Babi - I'm reading the Norton's Critical edition of the book - heavily footnoted - and had planned to mention these footnotes today.

There's a note defining  a Caffre as "a South African native of the Bantu family."  I think that Nemo's burial plot is such that the most primitive peoples would not consider it.   He's only buried one - two feet deep.  I'm wondering if Dickens will use that bit of information in later chapters...

There are so many footnotes that you may not be aware of - if your book or etext does not have such information.  I'll give you an example which shows how much Dickens has put into his writing which may not be obvious without these notes.

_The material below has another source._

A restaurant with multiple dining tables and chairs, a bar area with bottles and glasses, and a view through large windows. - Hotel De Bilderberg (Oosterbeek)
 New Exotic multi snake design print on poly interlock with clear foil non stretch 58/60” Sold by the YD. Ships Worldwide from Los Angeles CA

From  the same paragraph describing Nemo's burial plot -
Quote
"...they lower our dear brother down a foot or two, sow him in corruption, to be raised in corruption (6);an avenging ghost at many a sick bedside; a shameful testimony to future ages, how civilization and barbarism walked this beautiful island together."

(6)Cf. I Corinthians 15-42:  "So also in the resurrection of the dead.  It is sown in corruption, is is raised in incorruption."

My copy has Dickens misquoting Corinthians...to be raised "in corruption."  Did he do it on purpose, or is this a printer error.  There's a big difference...
You don't suppose that Nemo will be raised up - dug up from this shallow grave in the same state of corruption he was buried, do you?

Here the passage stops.